CNN recently interviewed the group’s leader, “Bob,” who insisted on last wee’s Don Lemon show that this sort of font would “save tons of time, energy and money for the nations’ abductors, which would in turn, save ransom time.”
“I mean, think about it,” “Bob” told Don, “all the time it takes for us to painstakingly cut out and paste letters in the notes we send to the families of our abducted people could be cut in at least half if we could just use the proper font to write the letters. It’s literally a no-brainer. And Windows is not addressing the issue.”
“Bob” insisted that if Microsoft executives did not finally take their plight seriously, there would be consequences that the software company really didn’t want to have to experience. And they would face these consequences soon.
Indeed, known South American drug cartel members echoed “Bob’s” sentiments, as well as cartel representatives in Mexico, which has seen its industrial kidnapping syndicate more than triple in the past decade. And reports indicate those numbers will only continue to grow.

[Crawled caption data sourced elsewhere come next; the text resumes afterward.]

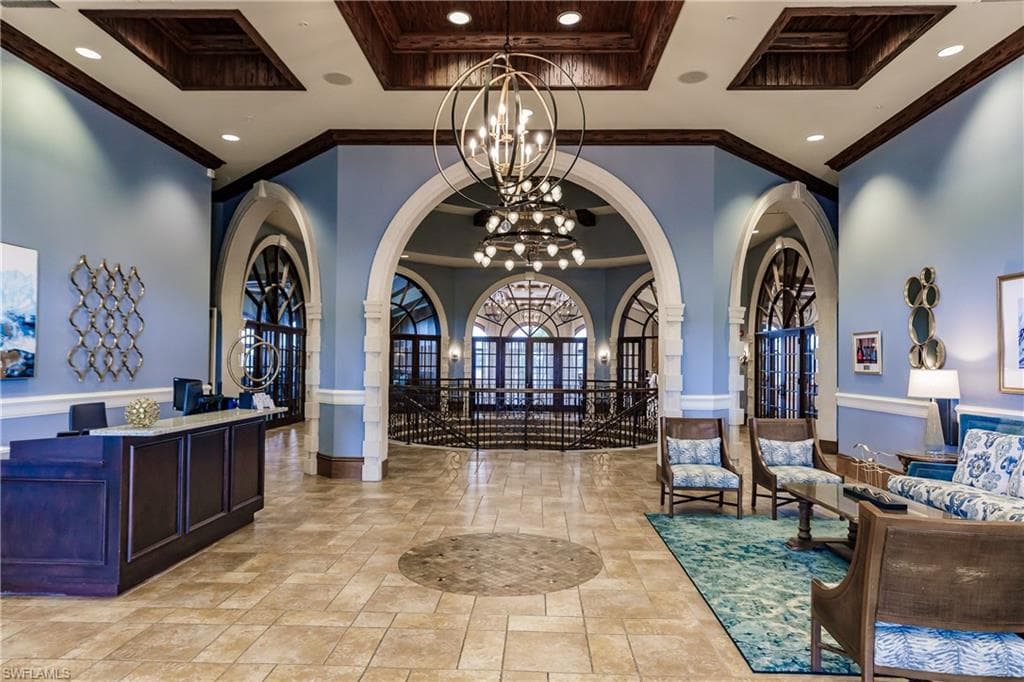 10345 Heritage Bay Blvd 2046, Naples, FL 34120-32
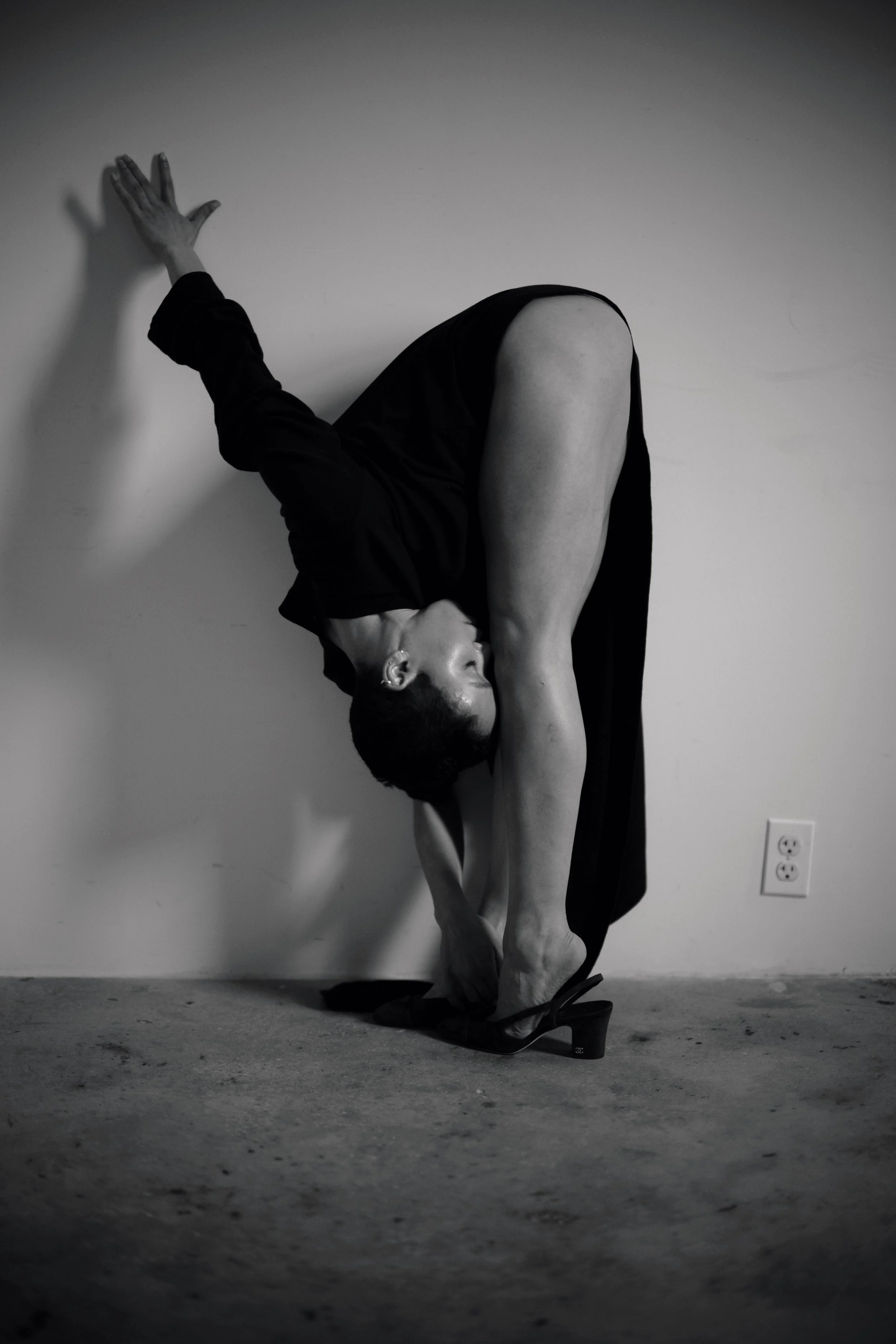 FKA Twigs-by Ari Marcopoulos-8.jpg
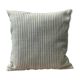 Cousin designers guild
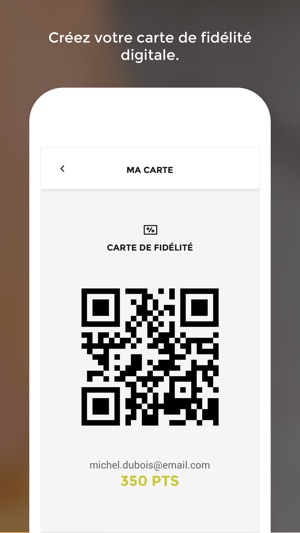 Restaurant L'échauguette(圖2)-速報App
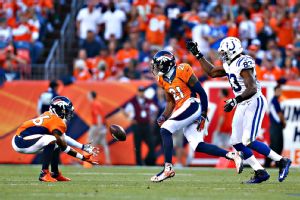 Talib
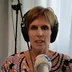 Afbeelding van Jacqueline van de Sande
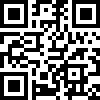https://hawzahnews.com/xdQms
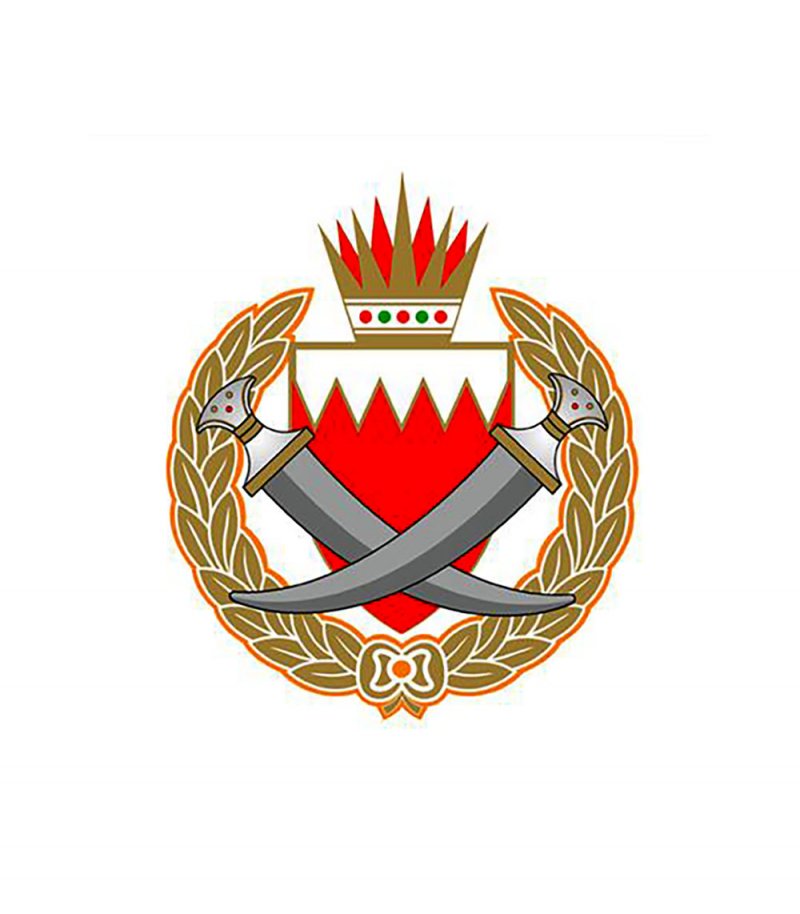 مكاتب حماية الأسرة ودورها في تحقيق الأمن والاطمئنان للضحية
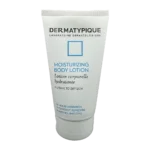 لوسیون بدن درماتیپیک | Dermatypique Moisturizing Body Lotion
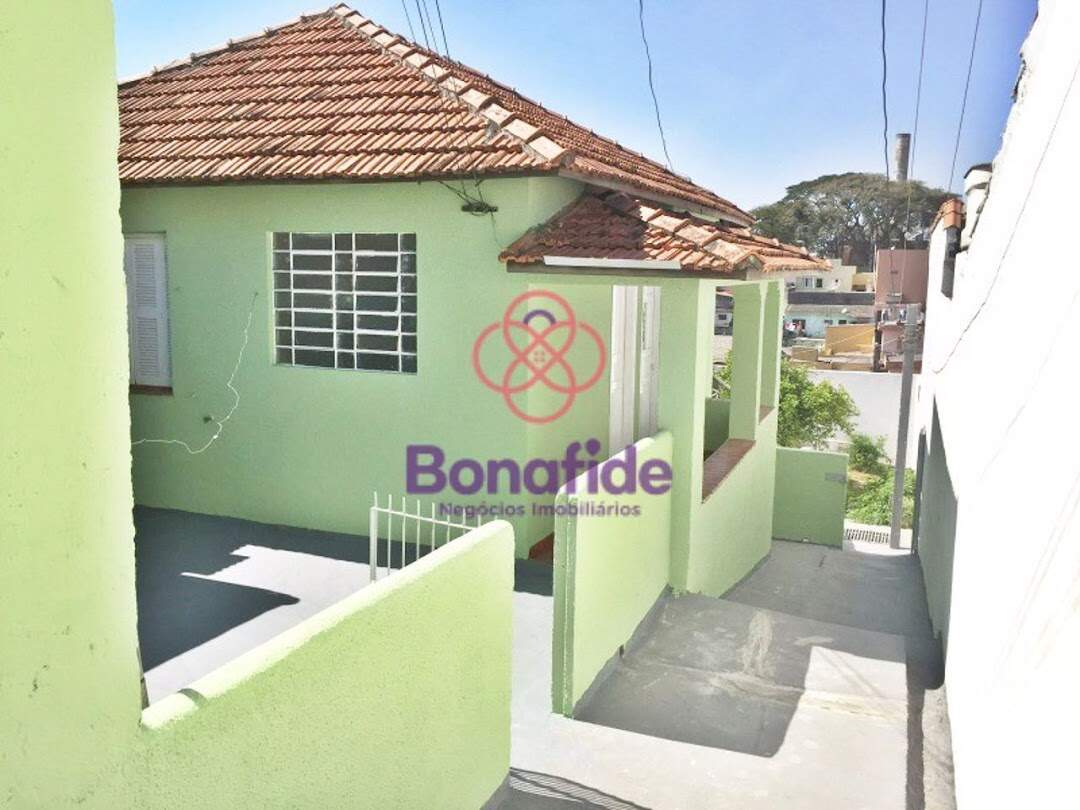 Casa à venda no Vila Aielo: 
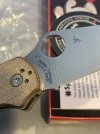 IMG_6198.jpeg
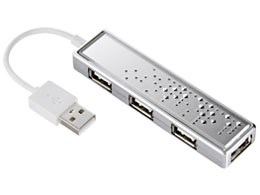 USB-HBJ407SV [NX^Vo[]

“The market is there,” “Bob” said. “It’s supply and demand, simple economics. I am certain that if Bill Gates still was at the helm of Windows, this would already have been done by now. In fact, I may have to personally ask him myself soon if the Microsoft people don’t pay attention. Would they really want that? For me to personally ask him? I doubt it.”
But the magazine industry has repeatedly voiced their opinion that such a font would hurt their sales. Magazine lobbyist Nathan “National Geographic” House said that the companies he represents have already seen steady sales decline due to the internet. “Take away the people that use our products to prepare ransom notes, and you may as well shut us down. It’s sad. And it’s a scary time.”
Calls for comment from Microsoft executives were not returned at press time.